The NVIDIA RTX 6000 Ada, with its 48GB of GDDR6 VRAM and Ada Lovelace architecture, is exceptionally well-suited for running the BGE-Small-EN embedding model. BGE-Small-EN, being a relatively small model with only 0.03 billion parameters, requires a mere 0.1GB of VRAM in FP16 precision. This leaves a substantial 47.9GB of VRAM headroom, allowing for large batch sizes and concurrent execution of multiple instances or other larger models simultaneously.

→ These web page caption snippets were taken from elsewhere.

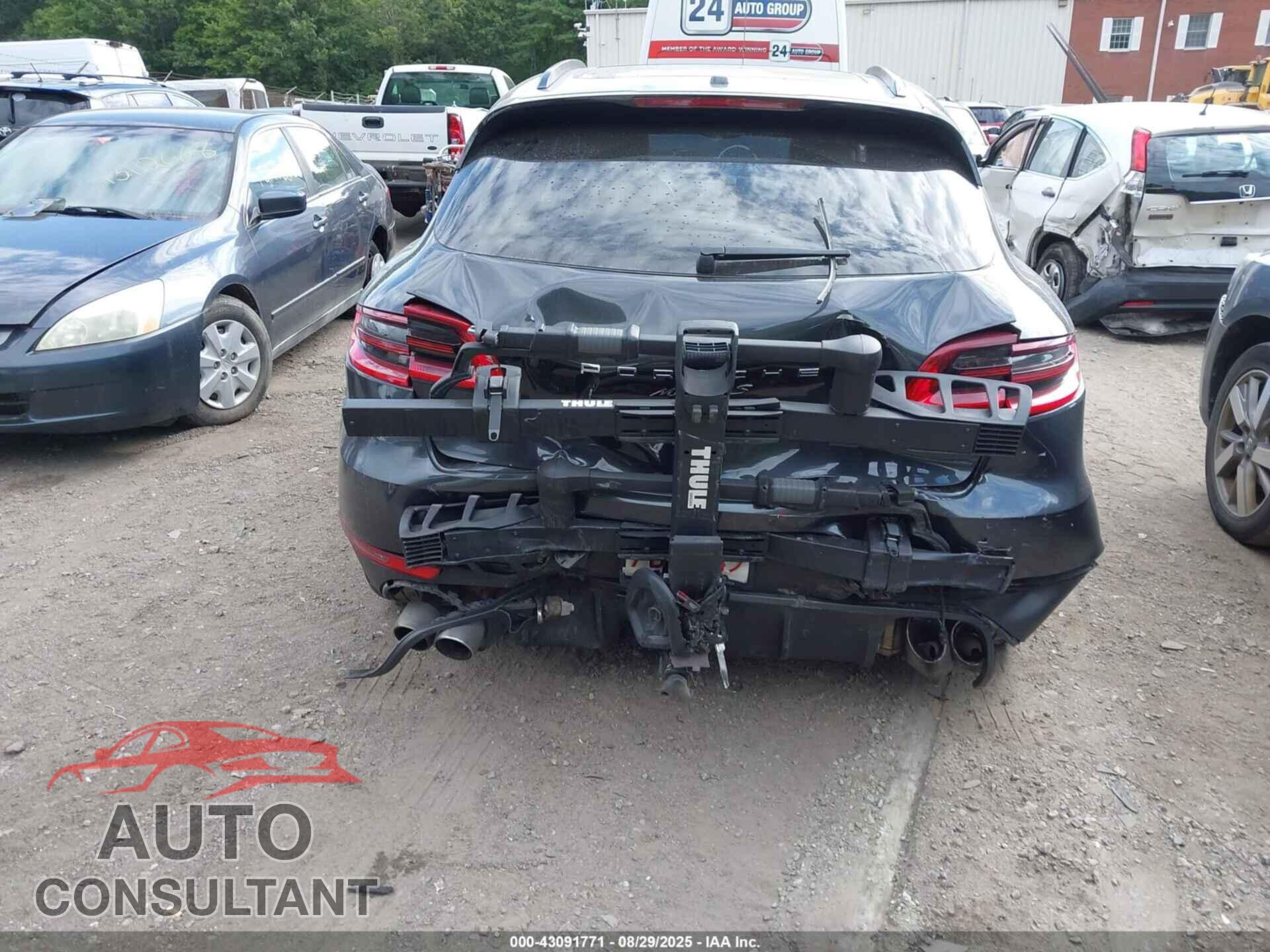 PORSCHE MACAN 2017 - WP1AB2A56HLB19698
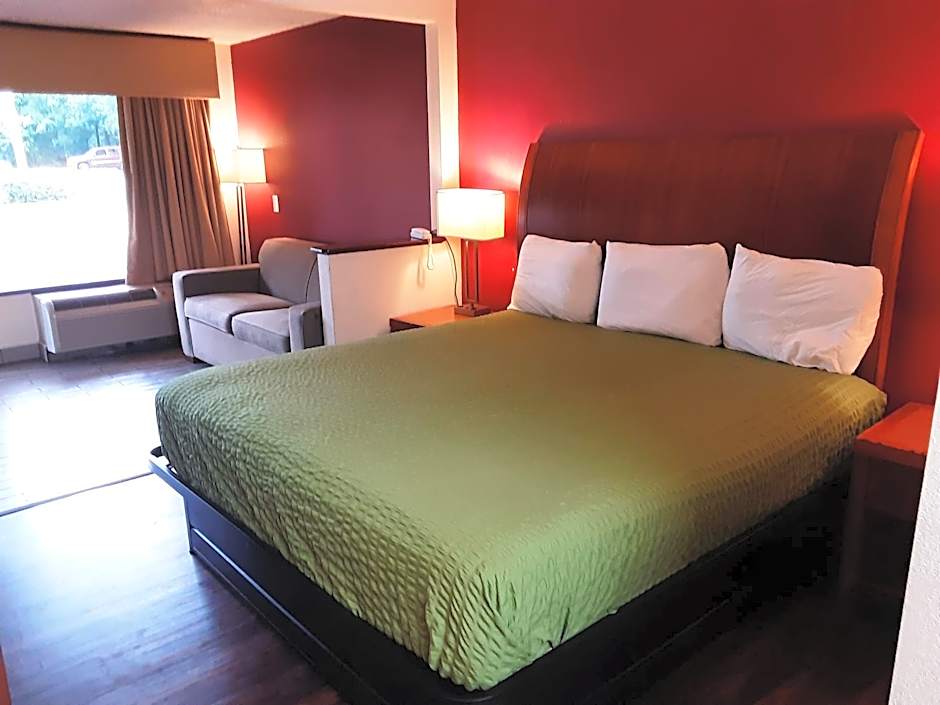 Econo Lodge Inn & Suites Griffin North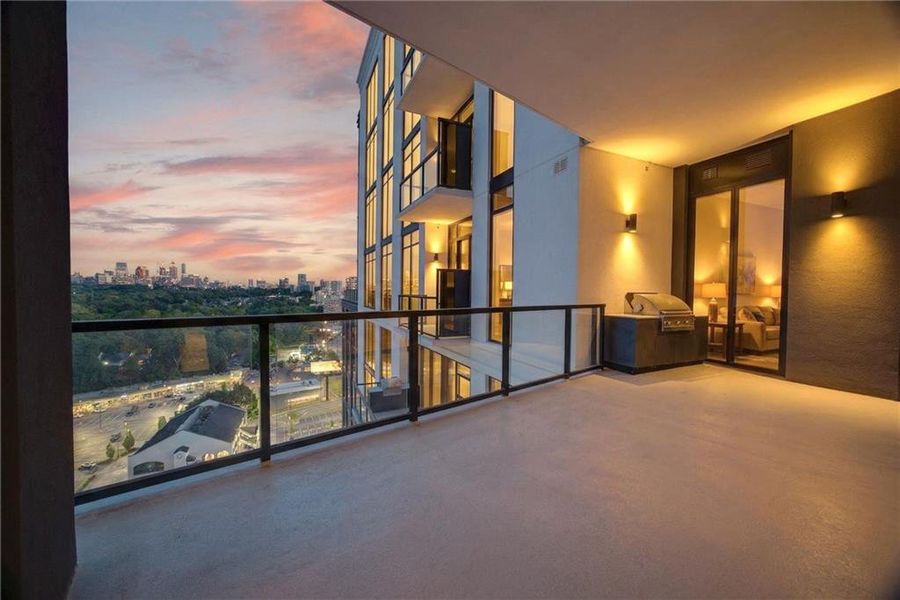 Condo located in Atlanta, GA showcasing its design and architecture (Image 3).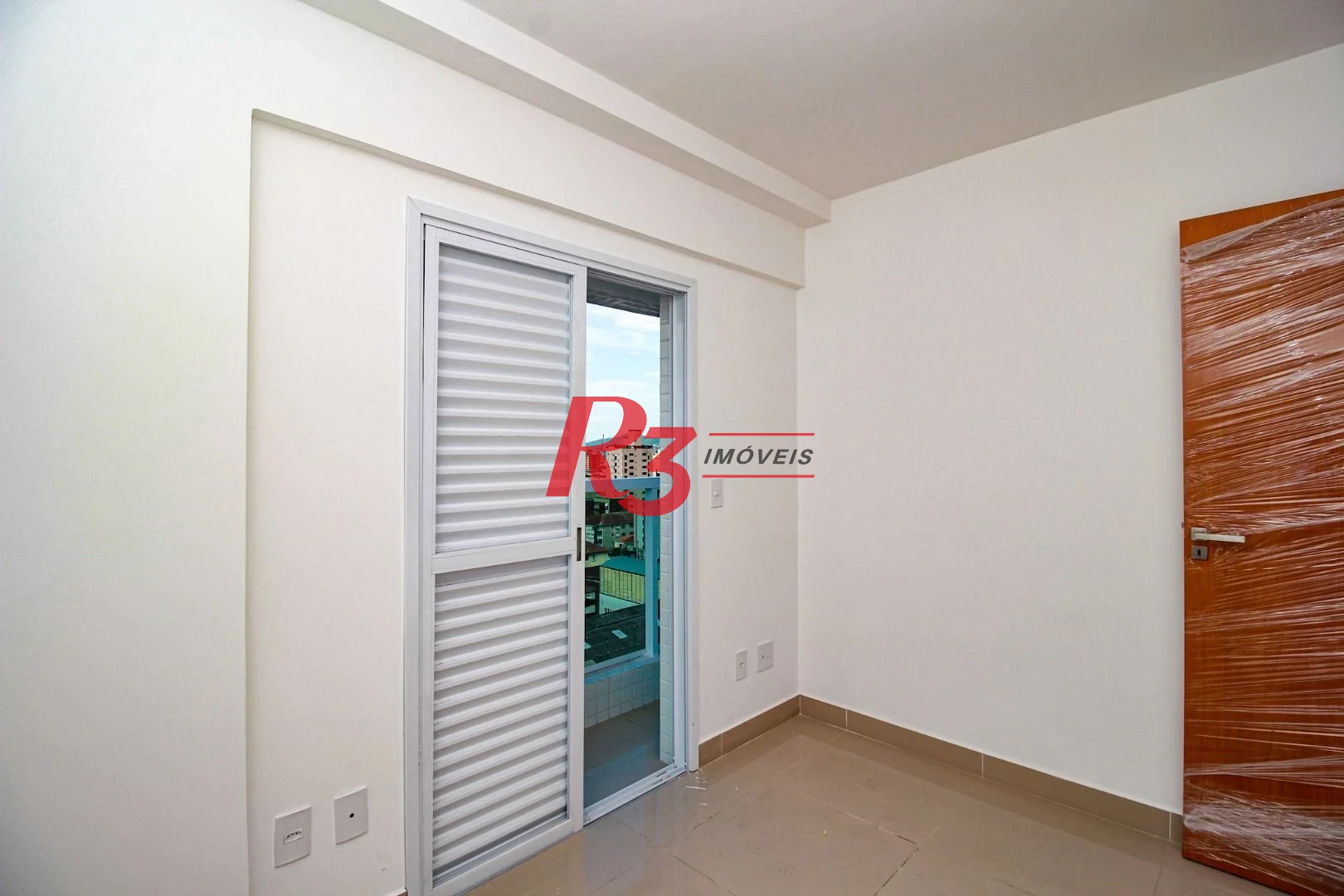 Apartamento com 2 dormitórios à venda, 53 m² por R$ 815.000,00 - Embaré - Santos/SP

Furthermore, the RTX 6000 Ada's memory bandwidth of 0.96 TB/s ensures rapid data transfer between the GPU and its memory, minimizing potential bottlenecks. The 18176 CUDA cores and 568 Tensor cores provide ample computational power for the matrix multiplications and other operations inherent in the BGE-Small-EN model, leading to high throughput. The Ada Lovelace architecture also brings improvements in Tensor Core utilization and overall efficiency compared to previous generations.
Given the abundant VRAM and computational resources, you can maximize throughput by increasing the batch size. Start with a batch size of 32, as estimated, and experiment with larger values to find the optimal point before encountering diminishing returns or memory limitations. Consider using a framework like vLLM or text-generation-inference to further optimize inference speed and memory utilization. If you are only using the RTX 6000 Ada for the BGE-Small-EN model, you could also consider running multiple instances of the model in parallel to fully utilize the GPU's resources.